But there’s something deeply satisfying about finding the fit. You know when you’re assembling a piece of furniture or a toy and there’s that “click” of the pieces coming together and locking in? Sometimes that’s the feeling that you’re after, and I think that might be the case here.
I hear much more of a click with Eliza than Rosalind. Lucy, Arthur, and Eliza sound like siblings from a storybook. Perfectly matched, without feeling too similar in any way.
I’d say the same of June and Jane, too. And I think Ida falls in this category, even if it’s a little more daring than some of your other choices. But let’s take a minute and talk over some other possibilities.
Celia – I think Celia makes a solid substitute for Eliza. It’s old-fashioned, but has a modern sensibility, too. Cecilia and Cecily feel a little more vintage and frilly, but they might deserve a place on your shortlist.
Claire – It seems like spare, straightforward names appeal to you. I can’t resist adding Claire, because the meaning – clear or bright – feels so close to Lucy’s ties to the Latin lux – light. Clara might be another option.
Diana – Eliza makes me think of Diana. It’s a classic choice with all the cool of Wonder Woman to back it up.
Julia, Juliet – Julian made your boys’ list, so how about Julia or Juliet? I think they both work with Lucy and Arthur. There’s Julianne, too, which reminds me of Rosalind, but without the final ‘d’ question.
Rose, Rosalie, or Rosalind-called-Rose or Rosie – There are dozens of Rose names, so I wonder if you’ve considered others?

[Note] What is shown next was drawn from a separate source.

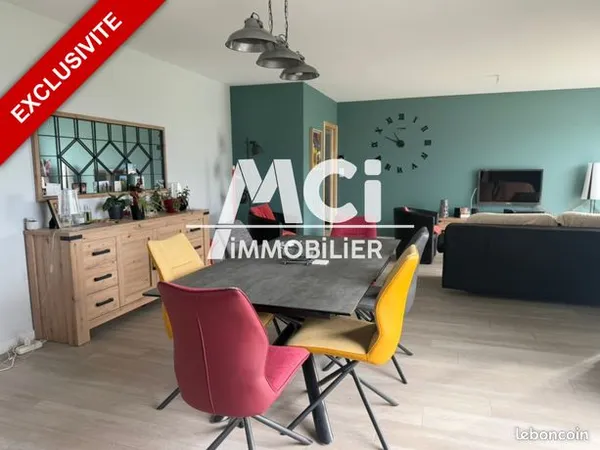 Maison 4 pièces 89 m²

Just Rose reminds me of Jane and June. It also sidesteps the problem of Roz. You could use it as a nickname if you were so inclined, but it’s not required. For an ends-with-d Rose name where the ‘d’ is clearly pronounced, there’s always Rosamond, Rosamonde, or Rosamund. Nickname Romy is an option with the Rose-m names, so that might also sidestep the Roz question.
Mariel – Meryl and Marigold bring to mind Mariel. It’s one of my favorite, underused names for girls at the moment. Spelling Marielle is another option, but since you’re attracted to names like Jane, maybe the sparer Mariel is the better choice. Marian and Marion could appeal, too.
Sabrina – Sabrina seems like another possible substitute for Eliza.
Willa – It seems like two-syllable, ends-in-a names aren’t your style, and yet I think Lucy, Arthur, and Willa work nicely together.
Am I right in guessing that your wife would be happiest with a more dramatic name? Something a little more unusual? If so, I can imagine siblings called Lucy, Arthur, and Juliet; or Lucy, Arthur, and Sabrina.
But I think it’s time to open this one to the readers. What do you think of Jasper versus Grant for a boy? And what’s the best sister name for Lucy and Arthur? Is it Eliza, Rosalind, or something else entirely?